Stimme der Natur in Wiesbaden – Der Staat zieht auf
Nach Mainz führte Tilo Reise weiter nach Wiesbaden. Wieder steht er vor einer Staatskanzlei – wieder mit seiner Trommel. Doch diesmal ist die Resonanz noch kontrastreicher: Während Passanten zustimmend nicken, rückt die Polizei an. Zwischen Zustimmung, Kontrolle und Faszination zeigt sich, wie unterschiedlich dieselbe Stimme gehört werden kann.
Tilo trommelt vor deutschen Staatskanzleien. Im Auftaktartikel geht es darum, was ihn dabei antreibt: Trommeln für die Erde.
Der Staat zieht auf – von Tilo Hildebrandt
„Hören Sie mal auf zu trommeln!“ – „Nein.“
Polizist: „Doch, ich kontrolliere jetzt Ihre Personalien.“
Die Passanten interessieren sich für die Inhalte, für die Mission und die Absichten. Unter den Bürgern scheint es ein gemeinsames Verständnis zu geben. Passant: „Trommeln Sie lauter, das hören die sonst nicht.“
Passant: „Machen Sie Musik?“ – „Nein. Ich trommle für die Natur. Ich gebe der Natur eine Stimme.“ - „Das ist gut, machen Sie weiter, vielen Dank.“
Polizei: „Wenn Sie nochmal hier trommeln – dann weiß ich nicht, was passiert.“
Ich bin gespannt, aber bevor ich das nächste Mal hingehe, habe ich den Ministerpräsidenten Boris Rhein informiert, dass ich vor seiner Tür getrommelt habe.
Ich habe ihm geschrieben:
"…Mich hat erschreckt, wie die Institutionen sich verteidigen, selbst wenn sie nicht angegriffen werden. Ich bin ein Bürger mit einer Trommel und ich bin allein. Demokratie ist im ursprünglichen Sinn δημοκρατία, die Herrschaft des Volkes.

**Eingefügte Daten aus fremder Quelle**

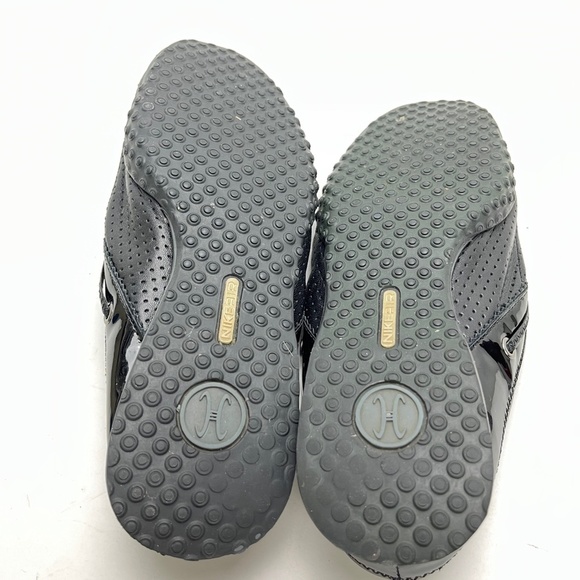 COLE HAAN G Series Black Perforated Genuine Patent Leather Mules Loafers sz 6 B - Picture 13 of 16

Das Volk bin ich. Warum haben Sie Angst vor mir? Ohne Bürger hat der Ministerpräsident keine Macht – über wen auch?"
Ich halte Euch informiert. Jetzt lasst uns gemeinsam genießen, dass die Stimme der Natur gehört worden ist. Ich bin völlig fasziniert, dass der gleiche Trommelschlag so unterschiedlich wahrgenommen wird – als Weckruf und als Schlachtruf.
Die Natur ist die Basis von Allem.
Reflexion
In Wiesbaden begegnen sich zwei Ebenen unserer Gesellschaft – die Stimme des Volkes und die Stimme des Staates.
Während Bürger:innen neugierig, offen und unterstützend reagieren, treten die Institutionen in Abwehrhaltung. Der gleiche Trommelschlag, der für viele wie ein friedlicher Herzschlag der Erde klingt, wird von anderen als Bedrohung empfunden.
Tilos Trommel offenbart, was Worte oft verschleiern: Wie tief die Trennung zwischen Mensch, Staat und Natur geworden ist. Doch sie zeigt auch, dass das Verständnis in den Menschen selbst längst vorhanden ist – sie spüren, was echt ist.
Wiesbaden erinnert uns daran, dass Demokratie erst lebendig wird, wenn wir uns trauen, hinzuhören, nicht nur zu reagieren.